1. No dicionário etimológico, a moral é “relativa aos costumes”; “conclusão que se tira de uma obra ou de um fato”.

2. No dicionário de filosofia de Nicola Abbagnano, encontramos o seguinte verbete para moralismo – “1. Doutrina que vê na atividade moral a chave para a interpretação de toda a realidade. […] 2. A atitude de quem se compraz em moralizar sobre todas as coisas, sem tentar compreender as situações sobre a qual expressa o juízo moral. Nesse sentido, um formalismo ou conformismo moral que tem pouca substância humana.”

Alguns se utilizam do moralismo religioso, por exemplo, agindo de forma totalmente contrária quando saem das igrejas, pois não praticam princípios religiosos como a fraternidade universal. Outros, do moralismo racial, que incentiva preconceitos e a discriminação étnica e cultural, contribuindo para a manutenção de uma realidade discursiva onde o outro é sempre inferior.

Para o moralismo, a regra é clara: se esse Outro não pensa igual a mim, se diz coisas que não quero ouvir (não gosto de ouvir ou não concordo ouvir), então, desqualifica-se como ser humano perante meus olhos. A questão – advinda de nossa sociedade bélica e em estado de paranoia frequente – é a transformação desse sujeito “outro” em sub-humano que, portanto, merece ser ofendido, machucado, torturado, morto e – se possível – devorado e deletado.

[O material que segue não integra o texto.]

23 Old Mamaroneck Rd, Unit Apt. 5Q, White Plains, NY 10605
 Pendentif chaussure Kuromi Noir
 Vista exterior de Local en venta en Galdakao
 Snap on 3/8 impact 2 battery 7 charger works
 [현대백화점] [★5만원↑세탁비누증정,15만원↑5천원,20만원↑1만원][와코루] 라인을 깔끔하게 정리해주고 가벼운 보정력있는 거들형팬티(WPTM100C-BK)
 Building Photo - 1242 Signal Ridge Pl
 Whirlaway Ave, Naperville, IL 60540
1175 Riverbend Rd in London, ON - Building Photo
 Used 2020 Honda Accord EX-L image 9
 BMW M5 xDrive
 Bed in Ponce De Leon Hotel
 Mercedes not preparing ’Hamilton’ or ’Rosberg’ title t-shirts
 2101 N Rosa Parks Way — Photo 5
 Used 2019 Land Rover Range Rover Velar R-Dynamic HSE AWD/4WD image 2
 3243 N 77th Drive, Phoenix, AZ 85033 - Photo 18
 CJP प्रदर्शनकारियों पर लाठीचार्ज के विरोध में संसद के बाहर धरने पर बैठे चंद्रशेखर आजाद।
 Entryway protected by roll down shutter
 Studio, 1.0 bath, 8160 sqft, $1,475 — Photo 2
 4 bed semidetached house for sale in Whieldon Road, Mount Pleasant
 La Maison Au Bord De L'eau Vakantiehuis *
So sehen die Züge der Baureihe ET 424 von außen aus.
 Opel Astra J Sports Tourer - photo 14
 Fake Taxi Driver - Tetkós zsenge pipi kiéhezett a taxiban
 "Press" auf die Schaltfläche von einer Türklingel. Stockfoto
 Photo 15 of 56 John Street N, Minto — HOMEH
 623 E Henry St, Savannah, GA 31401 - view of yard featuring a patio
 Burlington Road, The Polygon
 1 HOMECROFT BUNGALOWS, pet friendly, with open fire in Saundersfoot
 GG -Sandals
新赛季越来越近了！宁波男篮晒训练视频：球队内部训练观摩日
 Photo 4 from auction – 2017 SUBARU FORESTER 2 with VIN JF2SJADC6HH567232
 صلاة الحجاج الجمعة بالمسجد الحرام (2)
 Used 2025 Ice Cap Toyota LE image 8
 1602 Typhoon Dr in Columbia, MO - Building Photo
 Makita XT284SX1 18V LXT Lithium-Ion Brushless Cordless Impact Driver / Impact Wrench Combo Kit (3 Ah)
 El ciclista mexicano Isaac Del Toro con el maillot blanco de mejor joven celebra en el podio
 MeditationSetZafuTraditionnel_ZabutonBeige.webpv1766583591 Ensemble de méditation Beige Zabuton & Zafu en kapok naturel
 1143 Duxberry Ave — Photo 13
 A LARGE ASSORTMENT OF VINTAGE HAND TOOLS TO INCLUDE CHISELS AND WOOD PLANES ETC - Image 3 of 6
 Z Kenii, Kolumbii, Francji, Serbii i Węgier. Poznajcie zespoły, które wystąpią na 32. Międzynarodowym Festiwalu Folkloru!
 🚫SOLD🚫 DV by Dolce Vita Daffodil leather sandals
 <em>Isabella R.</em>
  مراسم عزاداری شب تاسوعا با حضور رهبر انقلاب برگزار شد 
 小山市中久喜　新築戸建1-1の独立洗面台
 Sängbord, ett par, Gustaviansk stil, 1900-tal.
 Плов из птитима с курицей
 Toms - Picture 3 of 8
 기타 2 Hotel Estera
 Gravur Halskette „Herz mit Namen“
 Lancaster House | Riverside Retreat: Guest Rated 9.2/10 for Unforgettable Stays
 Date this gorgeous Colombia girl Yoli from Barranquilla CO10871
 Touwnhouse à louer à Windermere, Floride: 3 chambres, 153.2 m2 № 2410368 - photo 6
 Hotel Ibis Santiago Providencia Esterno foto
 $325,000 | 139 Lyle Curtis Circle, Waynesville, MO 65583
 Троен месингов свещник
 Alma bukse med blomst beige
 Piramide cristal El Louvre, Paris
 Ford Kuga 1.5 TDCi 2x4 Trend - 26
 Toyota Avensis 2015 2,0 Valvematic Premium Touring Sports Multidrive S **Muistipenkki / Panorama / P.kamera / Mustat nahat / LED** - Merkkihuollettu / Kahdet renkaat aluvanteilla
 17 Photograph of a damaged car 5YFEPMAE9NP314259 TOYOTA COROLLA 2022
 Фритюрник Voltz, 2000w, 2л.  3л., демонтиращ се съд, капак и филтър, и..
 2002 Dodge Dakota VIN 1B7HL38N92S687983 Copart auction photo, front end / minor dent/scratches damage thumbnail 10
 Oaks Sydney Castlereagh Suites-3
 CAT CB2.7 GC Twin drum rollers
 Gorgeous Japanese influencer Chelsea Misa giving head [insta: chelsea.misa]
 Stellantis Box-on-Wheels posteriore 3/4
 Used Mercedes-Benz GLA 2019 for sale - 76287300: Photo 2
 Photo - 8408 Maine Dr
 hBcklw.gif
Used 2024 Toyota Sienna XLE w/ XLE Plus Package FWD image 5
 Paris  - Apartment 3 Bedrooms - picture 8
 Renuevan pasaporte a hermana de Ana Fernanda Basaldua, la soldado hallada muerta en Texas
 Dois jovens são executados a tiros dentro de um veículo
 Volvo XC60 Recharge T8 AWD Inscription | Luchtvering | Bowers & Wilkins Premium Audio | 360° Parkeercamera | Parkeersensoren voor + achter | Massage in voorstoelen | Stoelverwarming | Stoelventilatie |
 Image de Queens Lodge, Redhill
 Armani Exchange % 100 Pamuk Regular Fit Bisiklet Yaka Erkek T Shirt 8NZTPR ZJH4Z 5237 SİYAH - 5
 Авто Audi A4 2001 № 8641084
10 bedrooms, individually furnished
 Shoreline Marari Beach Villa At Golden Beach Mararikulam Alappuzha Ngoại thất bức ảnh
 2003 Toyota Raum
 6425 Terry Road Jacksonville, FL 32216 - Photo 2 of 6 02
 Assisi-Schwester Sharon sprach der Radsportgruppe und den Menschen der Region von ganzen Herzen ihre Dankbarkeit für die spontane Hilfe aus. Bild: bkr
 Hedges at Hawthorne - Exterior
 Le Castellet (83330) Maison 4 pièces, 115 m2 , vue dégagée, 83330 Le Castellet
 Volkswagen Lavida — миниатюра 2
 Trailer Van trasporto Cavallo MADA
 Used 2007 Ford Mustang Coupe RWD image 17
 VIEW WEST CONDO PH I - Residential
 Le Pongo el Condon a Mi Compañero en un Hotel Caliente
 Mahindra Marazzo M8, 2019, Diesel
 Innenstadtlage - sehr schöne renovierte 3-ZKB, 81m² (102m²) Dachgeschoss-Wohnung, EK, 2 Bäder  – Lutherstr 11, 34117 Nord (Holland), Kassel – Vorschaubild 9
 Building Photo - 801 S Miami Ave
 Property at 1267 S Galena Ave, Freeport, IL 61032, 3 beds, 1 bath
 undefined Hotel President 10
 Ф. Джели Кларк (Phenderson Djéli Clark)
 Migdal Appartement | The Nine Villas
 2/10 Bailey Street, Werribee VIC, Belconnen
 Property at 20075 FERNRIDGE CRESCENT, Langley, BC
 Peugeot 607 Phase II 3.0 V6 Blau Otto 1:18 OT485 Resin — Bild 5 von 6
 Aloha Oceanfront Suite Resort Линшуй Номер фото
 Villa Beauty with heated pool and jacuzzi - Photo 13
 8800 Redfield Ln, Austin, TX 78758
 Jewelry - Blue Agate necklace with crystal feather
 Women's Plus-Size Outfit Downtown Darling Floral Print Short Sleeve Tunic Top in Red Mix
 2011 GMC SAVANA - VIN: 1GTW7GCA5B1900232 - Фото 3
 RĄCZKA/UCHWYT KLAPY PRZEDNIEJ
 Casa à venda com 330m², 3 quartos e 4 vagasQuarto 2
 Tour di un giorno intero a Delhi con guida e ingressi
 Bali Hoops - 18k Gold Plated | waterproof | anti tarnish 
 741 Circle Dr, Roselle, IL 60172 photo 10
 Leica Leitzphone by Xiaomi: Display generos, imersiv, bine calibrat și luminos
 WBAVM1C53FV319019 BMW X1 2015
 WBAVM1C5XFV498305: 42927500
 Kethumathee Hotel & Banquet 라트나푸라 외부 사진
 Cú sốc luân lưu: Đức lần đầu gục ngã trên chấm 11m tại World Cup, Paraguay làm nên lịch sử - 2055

Em “Terra em Transe” (1967) de Glauber Rocha, no país fictício Eldorado, é palco de uma convulsão interna desencadeada pela luta em busca do poder / Foto: Divulgação

Falando especificamente do moralismo religioso, a advogada Flávia Piovesan é esclarecedora ao escrever que “a ordem jurídica em um Estado Democrático de Direito não pode se converter na voz exclusiva da moral de qualquer religião. Os grupos religiosos têm o direito de constituir suas identidades em torno de seus princípios e valores, pois são partes de uma sociedade democrática, mas não têm o direito de pretender hegemonizar a cultura de um Estado constitucionalmente laico. No Estado laico, marcado pela separação entre Estado e religião, todas as religiões merecem igual consideração e profundo respeito”. Isso também vale para a descrença, como o ateísmo por exemplo.

Assim, faz-se necessário respeitar o Outro, pois é na diversidade, seja cultural, de ideias, de pensamentos e na possibilidade do lugar de fala que, mesmo discordando do seu ponto de vista, é que construiremos uma sociedade livre, justa e fraterna, sem deixar de percebermos que manter a diversidade é imprescindível para o futuro da humanidade e para que não corramos o risco de sermos novamente manipulados como massa – como nos prova continuamente a História. É a uniformidade, a igualização e a homogeneização dos indivíduos que facilita o exercício do poder absoluto em vez de impedi-lo.

Moralismo e Censura: será que sofreremos com a “ausência de liberdade”?

O conceito de censura pode ser descrito como o ato ou efeito de censurar por meio de uma severa repreensão. Ainda podemos dizer que é uma palavra com origem no latim censura que significa o ato ou efeito de censurar. Também pode ser sinônimo de repreensão ou reprimenda. Além disso, a censura é uma conhecida forma de restrição da liberdade e do conhecimento, normalmente exercida por um regime ditatorial.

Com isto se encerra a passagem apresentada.